Stephens says to forget conventional wisdom when it comes to conference-expansion in college sports. Forget about relatively small things like getting the Big Ten Network into homes in Missouri, or New York. Forget the importance of adding a 12th member so the Big Ten could have a league-title football game. It's not that important.
Here's a passage from Stephens' essay:
Radical realignment will be about making conference owned-networks and network-affiliated packages - and the revenue streams to come beyond television - national in scope. It will not be about gaining specific markets, but about making conference-owned media relevant on a national level. Markets will be a benefit but they are not the end game here.
If radical realignment occurs, it won't be about something as small as getting the Big Ten Network on in St. Louis. It'll be about getting it on EVERYWHERE, with a lineup of games so deep each Saturday that every football fan in America wants it and will be willing to pay for it. It will be about innovation and monetization of revenue streams we haven't even dreamed of yet. The consolidation of college sports is an extension of the consolidation of mass media, and this is why the conventional wisdom of the past will not be particularly relevant to the decisions. There are billions to be made once the media/internet landscape clarifies - but the biggest brands have to be grouped together for that money to materialize.
My opinion:
This is inevitable, and you know the Big Ten will be a major player, perhaps one of just three or maybe four major conferences left standing.
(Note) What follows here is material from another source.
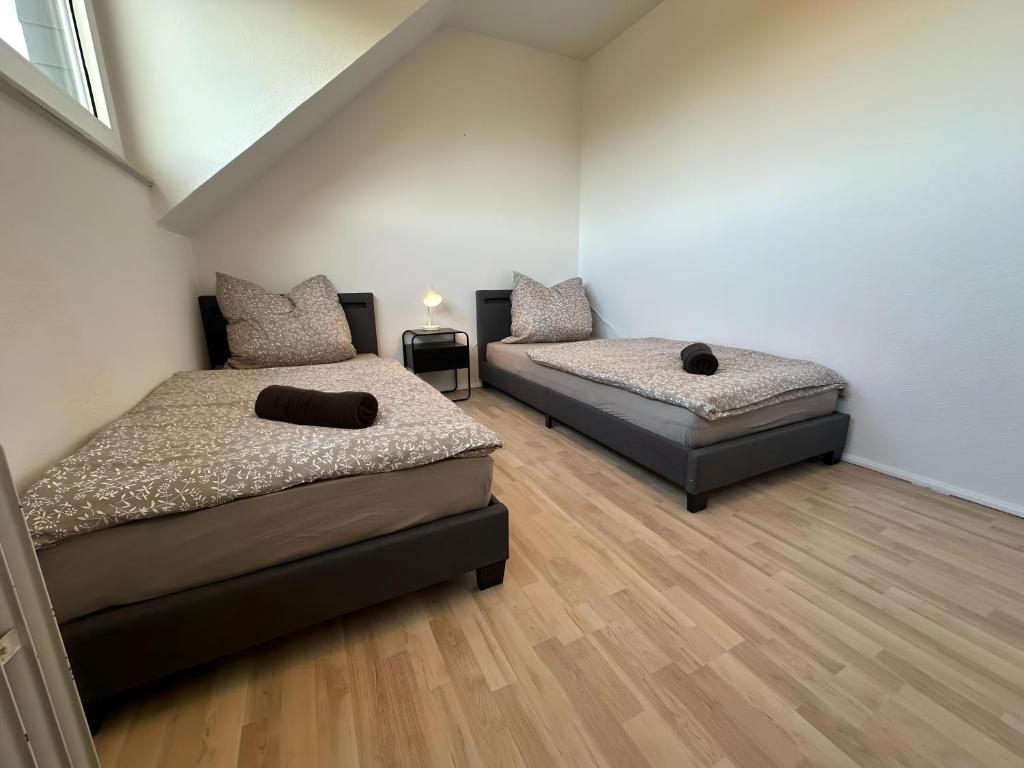 Ένα ή περισσότερα κρεβάτια σε δωμάτιο στο H&S Host & Sleep Emsdetten Groß & Ruhig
When the Big Ten makes its move -- and it dare not make one -- it will be significant. It may be more than one school that gets added. It may be three, or five. It may cause a current conference to stagger, perhaps crumble. That conference wouldn't be the Mid-American or Mountain West, you can be sure.
I've heard that people in the Big Ten office people read and hear all the expansion speculation and laugh at all the guesswork out there. They know no one out there knows or gets what's coming, whatever it turns out to be.
People frequently have noted how much money Kirk Ferentz makes as Iowa's football coach. But if there's one thing that justifies that salary more than anything, it's keeping Iowa viable as a national program for when all this super-conference expansion comes down.
Forbes Magazine, as Stephens' post notes, has five Big Ten teams among its 20 "most valuable" college football programs in the nation. Iowa isn't among them, but it has to be bubbling right below the top 20 on the heels of its Orange Bowl victory and 11-win season, and the national exposure those things bought.
The Big 12 has five teams in the Forbes' top 20, as well. But you don't hear anyone saying the league is looking to grow. Instead, people wonder if Missouri or Nebraska could enter the Big Ten. People wonder if Texas would leave for another league, totally tilting the scales and damaging the Big 12.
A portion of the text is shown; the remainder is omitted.